A size-dependent continuum theory which contains only one material length scale parameter is the non-local continuum mechanics initiated by Eringen and coworkers [15‐17], which has has been widely used to analyse many problems, such as wave propagation, dislocation, and crack singularities.
Peddieson et al. [68] used this theory for the first time to solve problems involving nanostructures. Subsequently, the Eringen non-local theory of elasticity has been used to address the behavior of nanobeams [32, 44, 46, 71, 74, 89, 90, 93], nanobeams under rotation [3, 57, 64, 70], nanorods [34, 42, 45, 56, 59, 61, 62, 81], nanoplates [30, 33, 58], cylindrical nanoshells [31, 91, 92], conical nanoshells [21, 43, 86], nanorings [55, 88], spherical nanoshells [24, 87, 96], as well as particles [25] and carbon nanotubes (CNTS) [2, 10, 19, 22, 28, 60, 63, 75, 97].

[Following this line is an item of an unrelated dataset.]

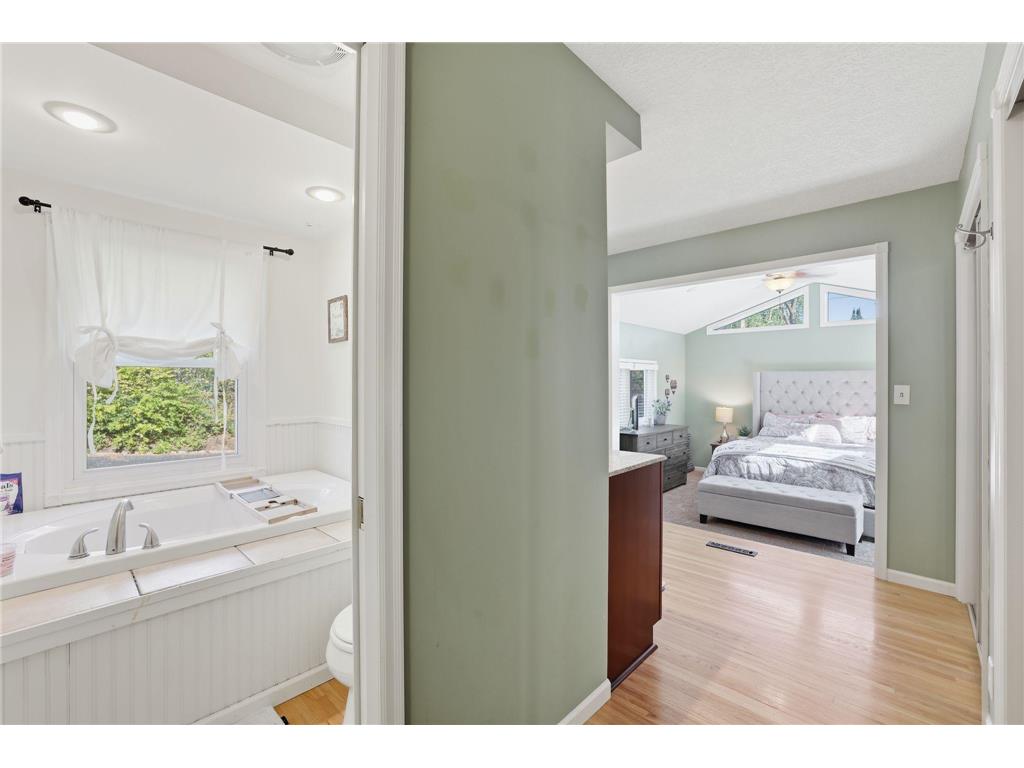 4816 Overlook Drive Bloomington MN 55437 6798766 image12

A different approach to non-local mechanics has been recently introduced in the context of fractional calculus. Fractional calculus (FC) is a branch of mathematical analysis that studies the differential operators of an arbitrary (real or complex) order [35, 69]. The attractiveness of FC application lays in the fact that: (1) fractional differential operators are non-local, and (2) there are many definitions of fractional derivatives. In the last decades fractional differential equations have been used to capture physical phenomena that cannot be caught by classical differential models. In the frame of Solid Mechanics this mathematical approach has been introduced especially in describing viscous behavior of materials, where the non-locality is taken with respect to the time variable (memory) (cf. [47] and cites therein). However it has been also used in the stress space through the fractional gradient of plastic potential in order to control magnitude and direction of viscoplastic strain evolution [79], or in the space variable. In the latter case, the order of the derivative is usually lower than that of the classical one, a major asset in comparison to gradient theories which provide derivatives of the displacement of higher orders thus needing extra boundary conditions to be solved, whose physical meaning is still unclear [9].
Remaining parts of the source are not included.